I’m not gonna say much about it … EXCEPT that these are some beautiful pics, BUT all but one are of “mass media safe” subjects. That’s all.



17 responses »

  1. I watched the documentary and went “mmmh”. I am 18 months natural, and I did not see my decision as a socio-political statement. I live in a majority black country, and never considered myself as part of the oppressed because of my race. True, because my parents were immigrants to this country (Bahamas), Haitians here are not exactly treated with great respect, but I see no connection with that and me being natural. I am natural because I wanted to take care of myself better, and eliminating harsh chemicals was part of that challenge.


  2. I am natural simply because I wanted to stop relaxing. End of story. Sidenote: I tend to say ” I am natural” instead of “I went natural” because “I went” to a relaxer, but only if I am talking to someone who is being condescending of natural hair.  I didn’t make some calculated decision or do it under duress. I only relaxed my hair once a season, then as I grew older and my hair got thinner, only twice a year. Then I cut my hair short ala Halle Berry for the summer and decided not to relax anymore.
    I know that I may get some flack for this, but I think some people outside of the natural hair community think we are embarking on some socio-political agenda when they see what may be deemed by them as unkempt, unruly, comb and brush be damned hairstyles. Those outside looking in cannot imagine why some of us naturals would walk around looking like whodunit and why, so they say it must be a socio-political, fight the power, artistic expression of a starving artist stance. However, that only goes for certain people. If your hair is “nice” and behaves well, then they aren’t talking about you. Everyone embraced Chilli, Tracee Ellis Ross, and Alicia Keys (post braids) while Erykah Badu, Lauren Hill and Viola Davis got the side-eye.  Please remember this is only my humble opinion.
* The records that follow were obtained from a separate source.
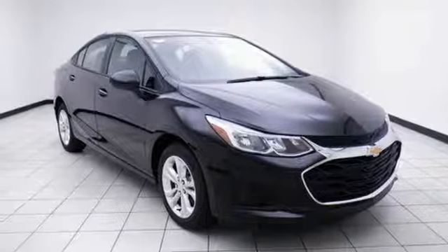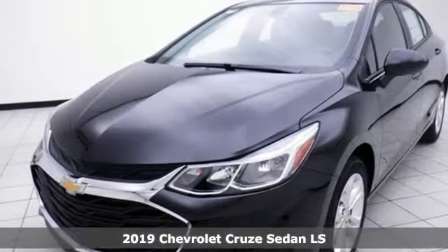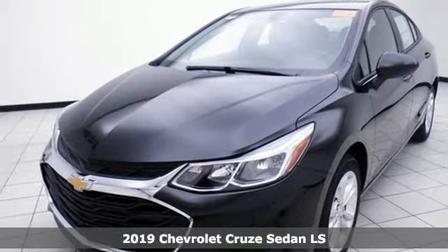It's a new 2019 Chevrolet Cruze. Chevrolet — 100 years of icons.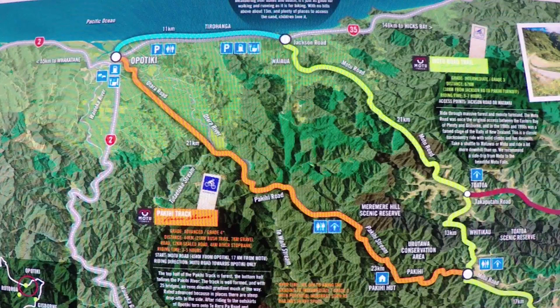The Pākehī Track starts here at an altitude of 600 metres. You follow the historic Pākehī Track down through magnificent native bush to the Pākehī Valley — 21 kilometres of twisting single track of pure New Zealand wilderness. This video covers from the Pākehī hut to the Pākehī road.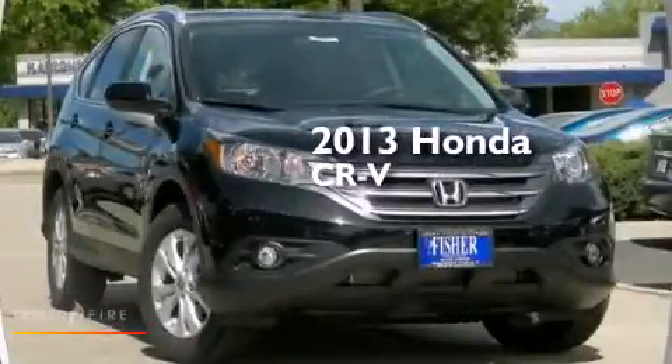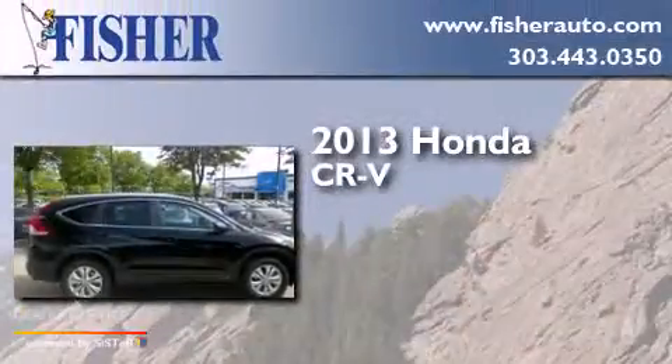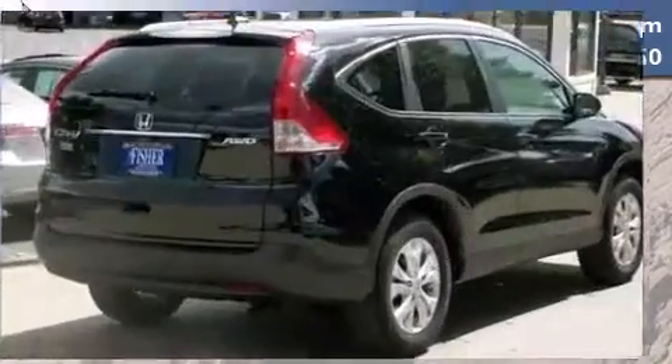This is a brand-new 2013 Honda CR-V. This crossover has a 5-speed automatic transmission, an inline 4-cylinder engine, and all-wheel drive.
  3. The only TRUE reason I went natural was simple. I stopped using a chemical relaxer because it was eating/damaging my hair, not because it was a socio-political statement. I shared my hairstory here on Hairscapades as well as on my blog.


  4. I mean, most of you know my reason … it was easier to maintain with my exercise regimen. But, I kind of suspected that the longer, stronger and/or healthier hair would receive the most votes as that’s the reason that always seems to prompt people to ask me about going/being natural. I also think that’s why so many are looking for advice on hair care, so that they can get the best out of their hair. But, I know that the other reasons may motivate some!! So, whatever path each of us took to get here … here we are:)!!


  5. In 2000, I was pregnant and I decide to stop relaxing during my pregnancy. Then I never went back. The reason why I stay natural continue to grow over the years. I never experienced the growth with relaxers that I have natural. I hate the years of chemical burns and Marcel burns. I hated paying someone’s car payment to wash my hair and straighten it, only to make me waste and wait for hours in a salon. I did not want to put harsh chemical on my body almost every month. Now, it is a socio-political thing for me. Both my daughters have natural hair, and hope they can learn to define their beauty outside of the confines of nappy versus good hair.


  6. I went natural so I could wear my curly hair out more. Even with a relaxer my hair would curl/wave up and I loved how it looked. I got frustrated that I couldn’t get 2nd day hair and realized that relaxing my hair was not helping the cause and decided to stop relaxing.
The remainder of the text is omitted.